> **Work task**: Reproduce, from the lines below, exactly the stretch that begins at the line containing "アルベール石丸の居間・リビング" and ends at the line containing "2499 Crystal Springs Dr, Hilliard, OH 43026", both included.

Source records
==================================================

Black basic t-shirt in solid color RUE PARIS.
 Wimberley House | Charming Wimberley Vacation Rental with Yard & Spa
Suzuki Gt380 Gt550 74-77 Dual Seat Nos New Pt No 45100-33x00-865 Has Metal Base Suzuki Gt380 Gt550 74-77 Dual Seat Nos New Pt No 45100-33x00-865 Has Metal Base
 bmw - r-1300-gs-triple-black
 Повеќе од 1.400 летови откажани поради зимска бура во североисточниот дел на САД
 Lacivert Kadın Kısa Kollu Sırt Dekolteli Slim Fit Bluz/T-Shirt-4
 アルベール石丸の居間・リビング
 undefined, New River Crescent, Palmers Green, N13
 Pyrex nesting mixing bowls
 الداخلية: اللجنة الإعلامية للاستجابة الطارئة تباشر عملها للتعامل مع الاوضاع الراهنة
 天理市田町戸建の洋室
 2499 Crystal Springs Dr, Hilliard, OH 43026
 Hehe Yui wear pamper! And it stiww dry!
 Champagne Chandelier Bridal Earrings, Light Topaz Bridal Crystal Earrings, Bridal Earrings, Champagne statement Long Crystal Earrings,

==================================================

> **Output below**:
 アルベール石丸の居間・リビング
 undefined, New River Crescent, Palmers Green, N13
 Pyrex nesting mixing bowls
 الداخلية: اللجنة الإعلامية للاستجابة الطارئة تباشر عملها للتعامل مع الاوضاع الراهنة
 天理市田町戸建の洋室
 2499 Crystal Springs Dr, Hilliard, OH 43026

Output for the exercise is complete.